• **Given information**
Segment Open

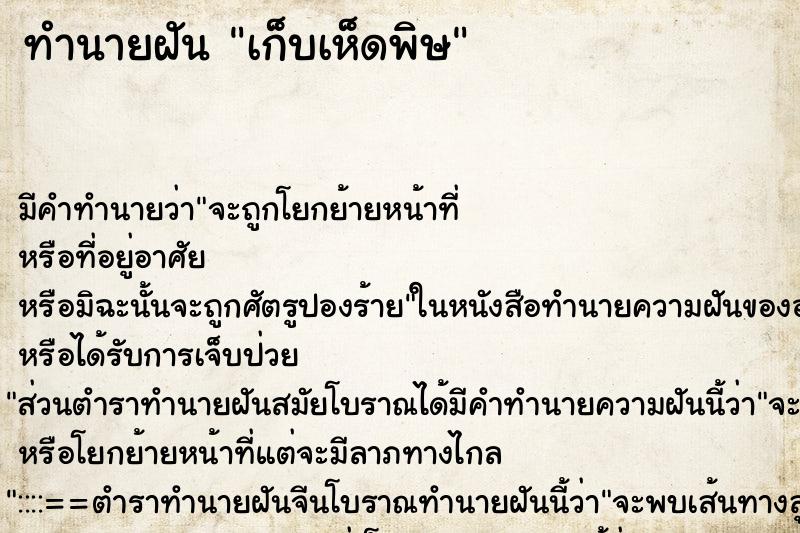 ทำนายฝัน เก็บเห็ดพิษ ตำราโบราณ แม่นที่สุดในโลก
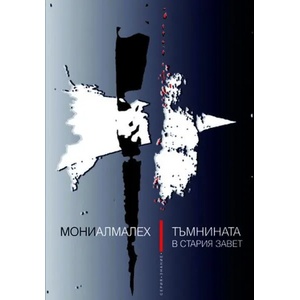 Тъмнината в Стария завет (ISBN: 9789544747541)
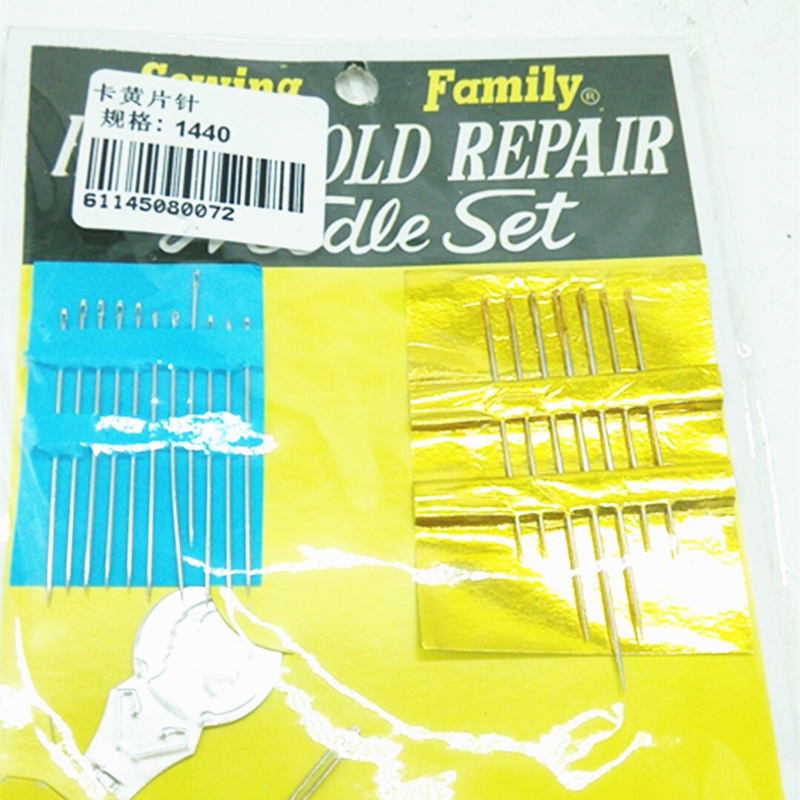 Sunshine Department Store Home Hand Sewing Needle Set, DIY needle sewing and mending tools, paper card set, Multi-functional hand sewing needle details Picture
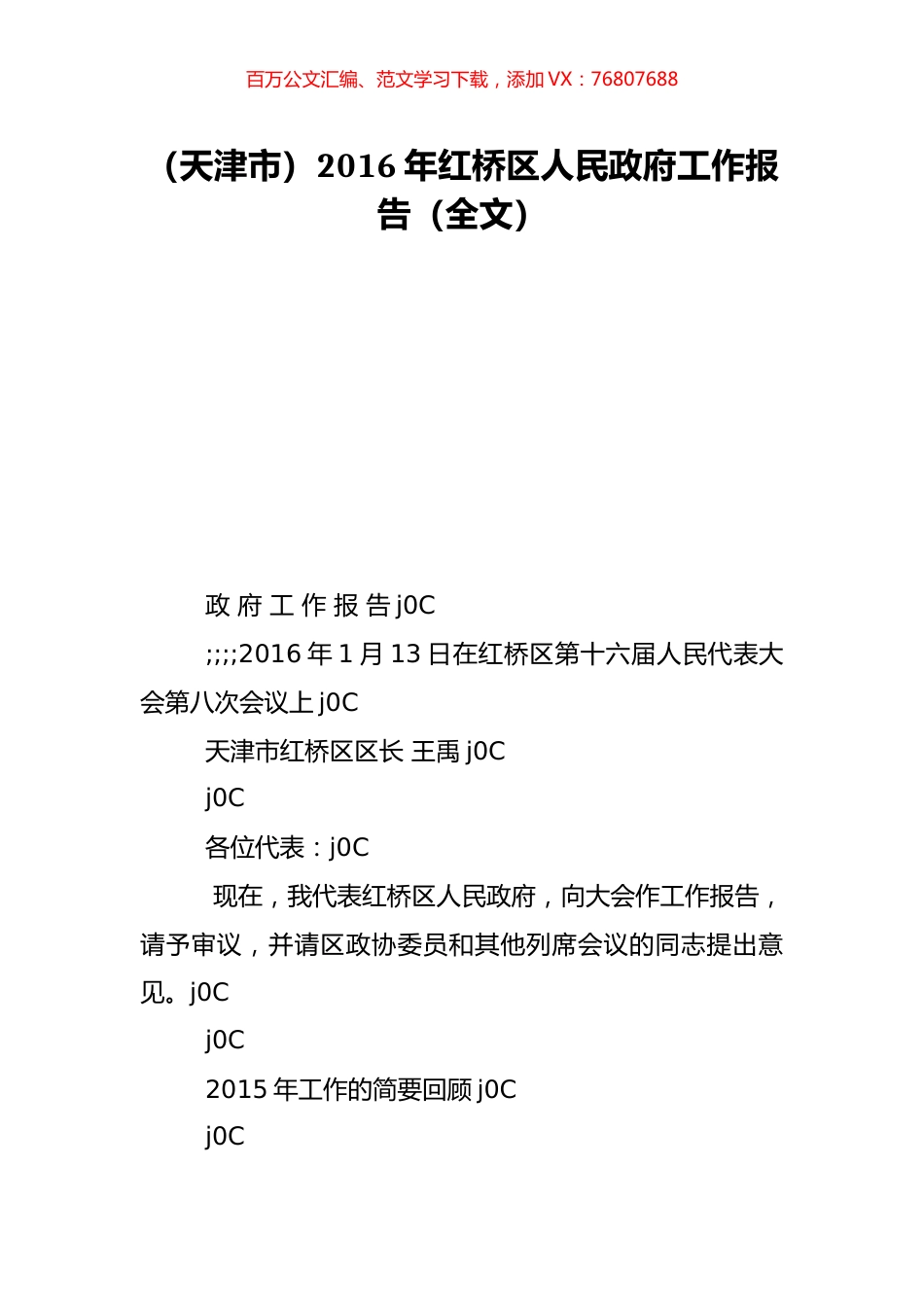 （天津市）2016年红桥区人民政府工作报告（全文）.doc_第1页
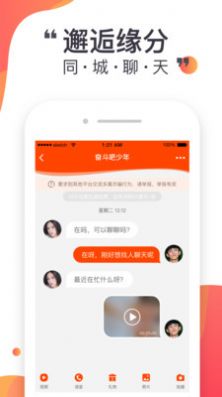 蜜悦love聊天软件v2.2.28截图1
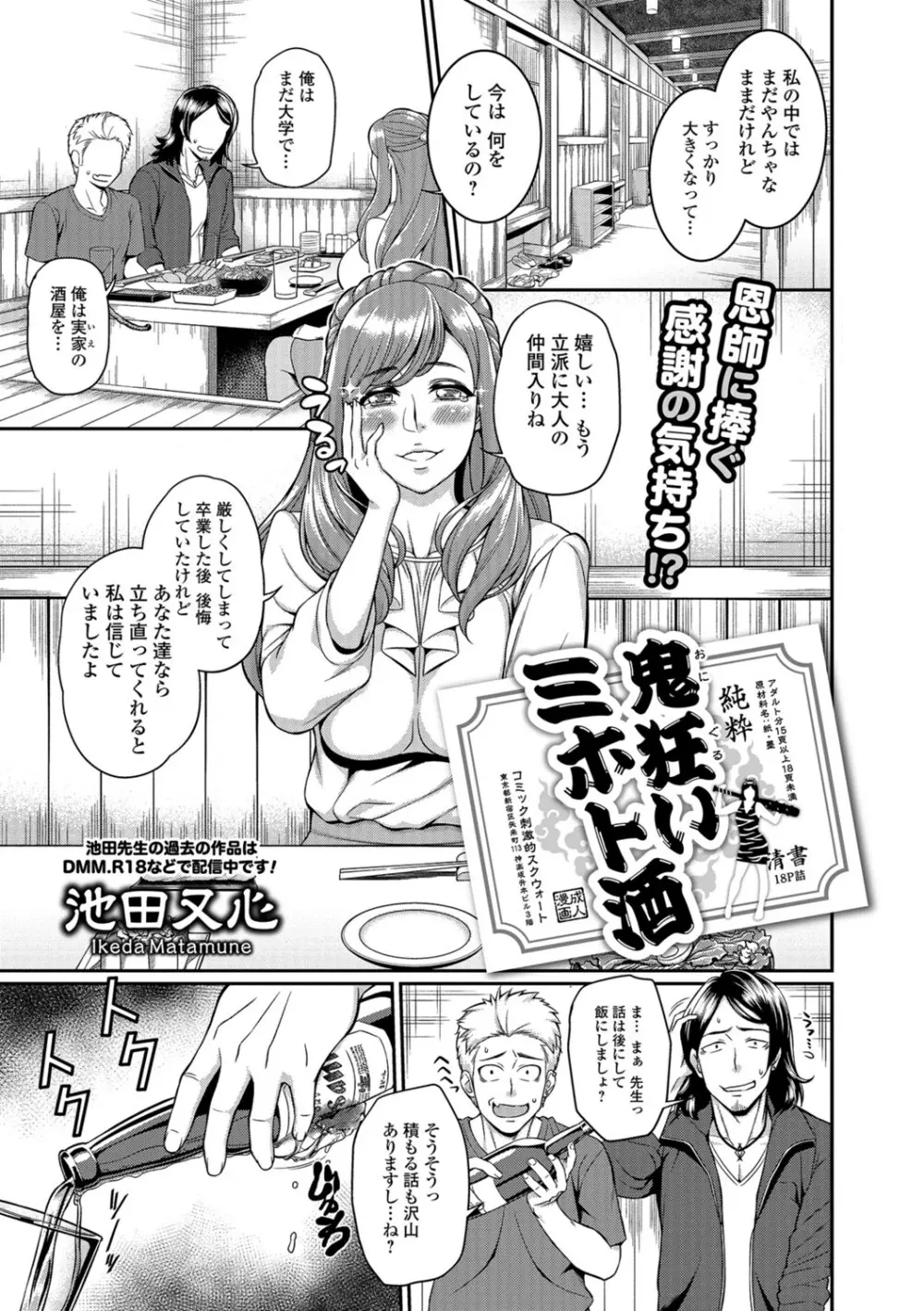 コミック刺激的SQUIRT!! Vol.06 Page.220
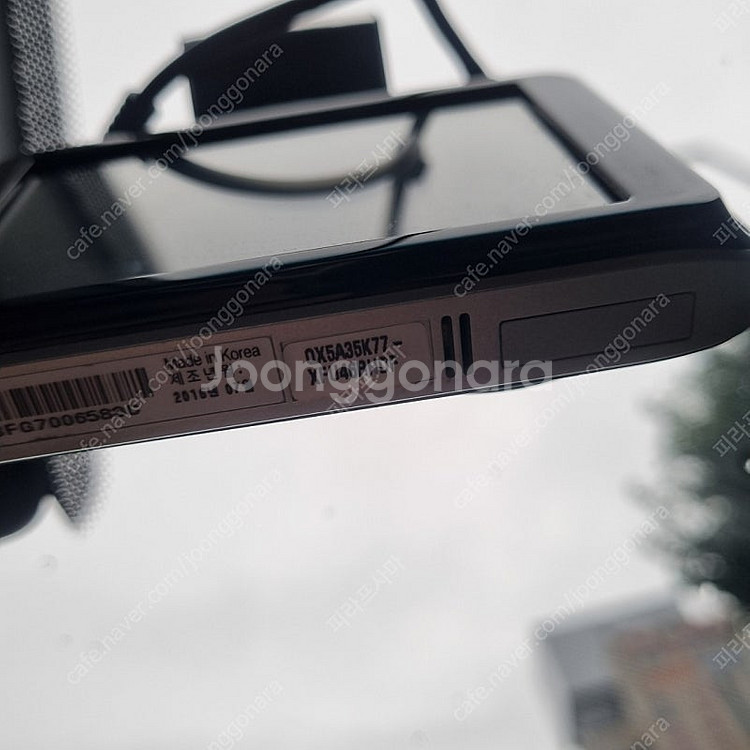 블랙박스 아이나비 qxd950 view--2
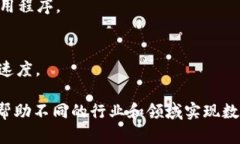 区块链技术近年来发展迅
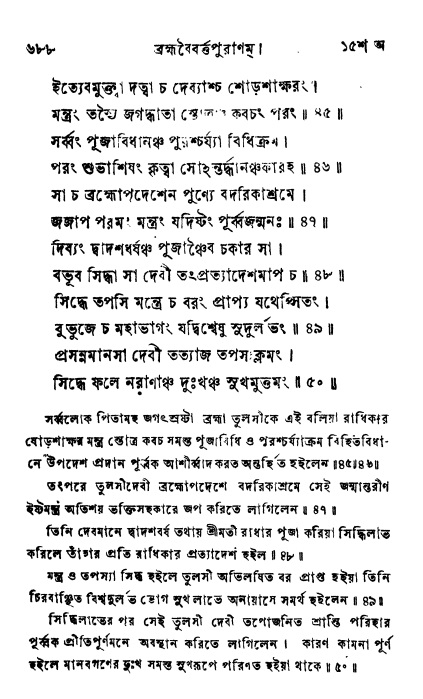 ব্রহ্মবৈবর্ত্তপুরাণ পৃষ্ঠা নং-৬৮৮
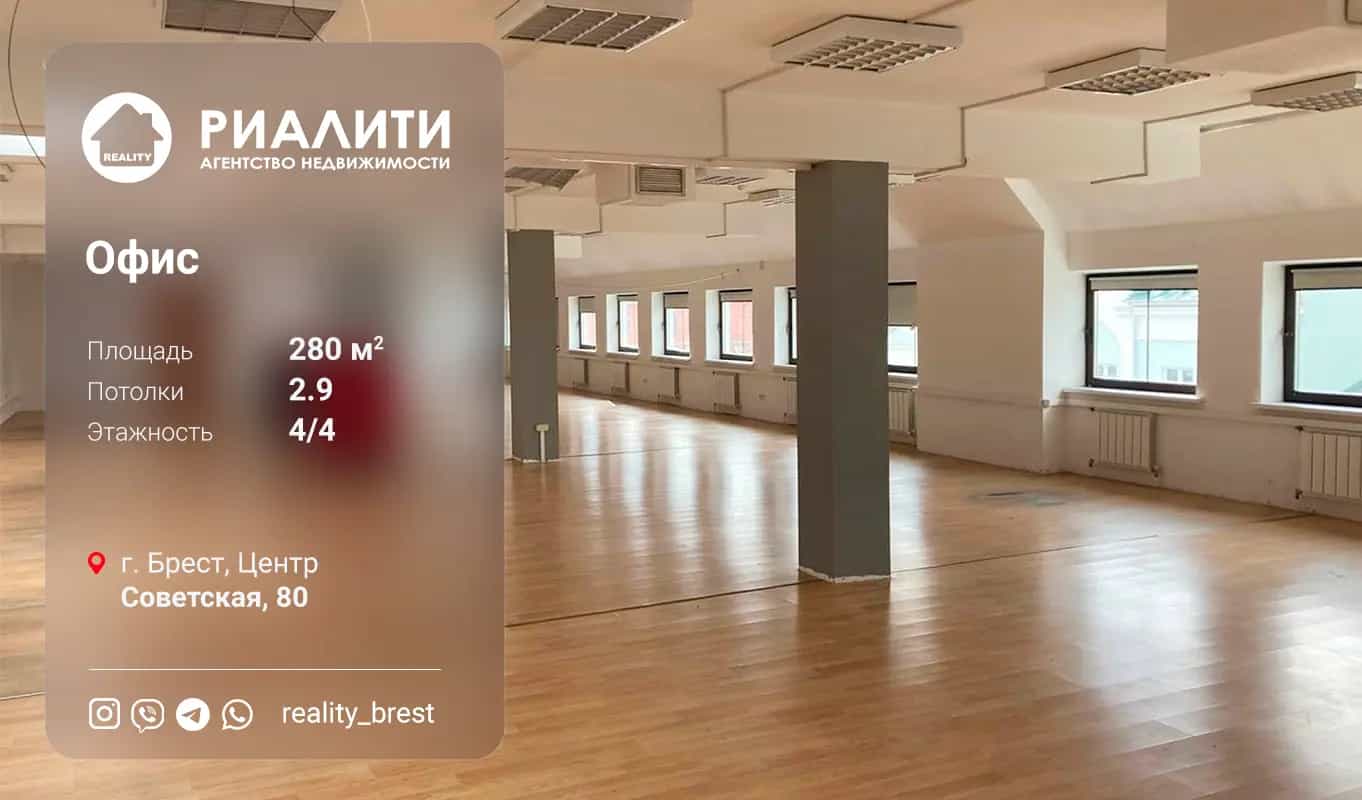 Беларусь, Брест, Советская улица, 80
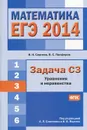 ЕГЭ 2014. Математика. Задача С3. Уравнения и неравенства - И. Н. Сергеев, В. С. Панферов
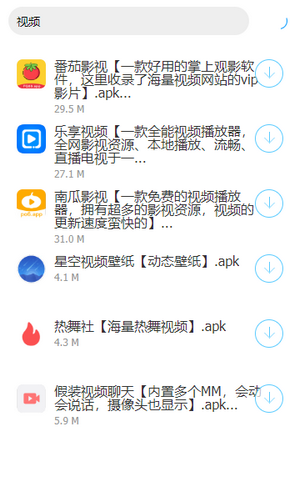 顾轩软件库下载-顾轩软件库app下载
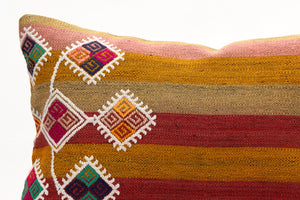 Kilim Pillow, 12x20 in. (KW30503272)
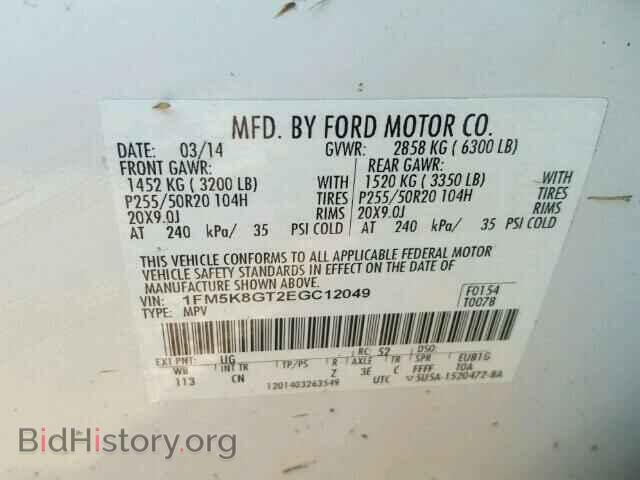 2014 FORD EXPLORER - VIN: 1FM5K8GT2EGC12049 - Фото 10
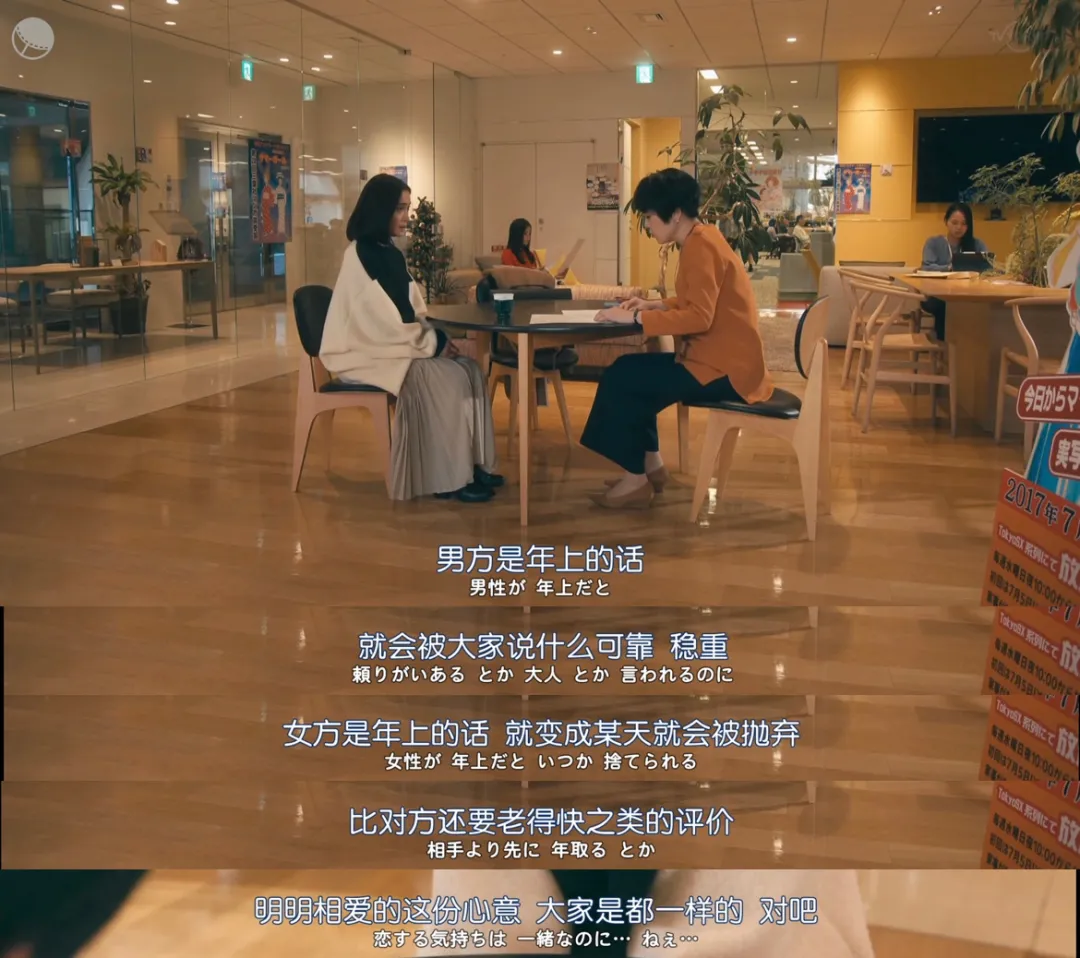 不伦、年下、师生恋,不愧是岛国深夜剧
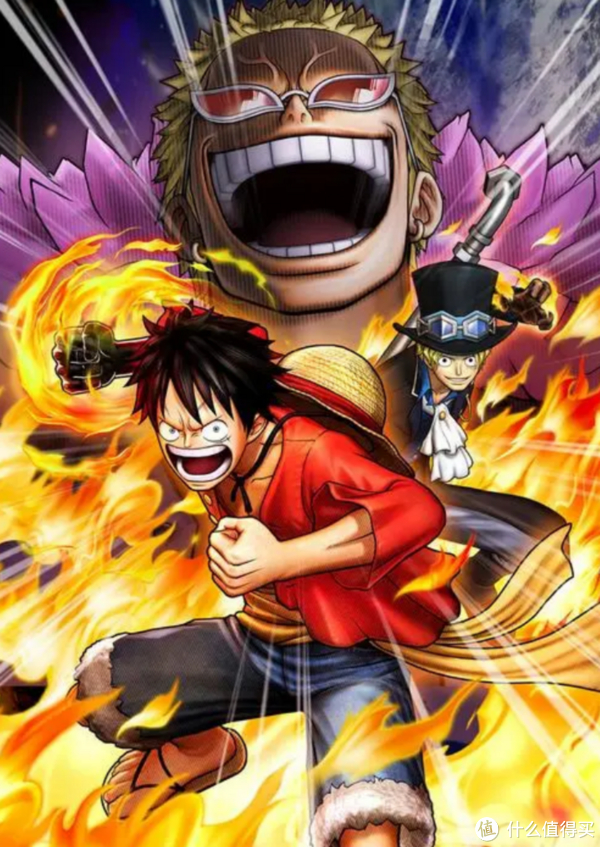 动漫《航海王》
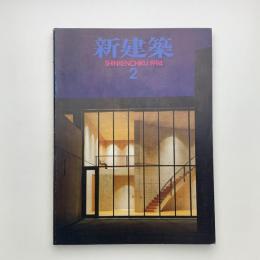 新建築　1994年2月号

Segment Closed

Please repeat every record exactly, leaving the pictures out.

 ทำนายฝัน เก็บเห็ดพิษ ตำราโบราณ แม่นที่สุดในโลก
 Тъмнината в Стария завет (ISBN: 9789544747541)
 Sunshine Department Store Home Hand Sewing Needle Set, DIY needle sewing and mending tools, paper card set, Multi-functional hand sewing needle details Picture
 （天津市）2016年红桥区人民政府工作报告（全文）.doc_第1页
 蜜悦love聊天软件v2.2.28截图1
 コミック刺激的SQUIRT!! Vol.06 Page.220
 블랙박스 아이나비 qxd950 view--2
 区块链技术近年来发展迅
 ব্রহ্মবৈবর্ত্তপুরাণ পৃষ্ঠা নং-৬৮৮
 Беларусь, Брест, Советская улица, 80
 ЕГЭ 2014. Математика. Задача С3. Уравнения и неравенства - И. Н. Сергеев, В. С. Панферов
 顾轩软件库下载-顾轩软件库app下载
 Kilim Pillow, 12x20 in. (KW30503272)
 2014 FORD EXPLORER - VIN: 1FM5K8GT2EGC12049 - Фото 10
 不伦、年下、师生恋,不愧是岛国深夜剧
 动漫《航海王》
 新建築　1994年2月号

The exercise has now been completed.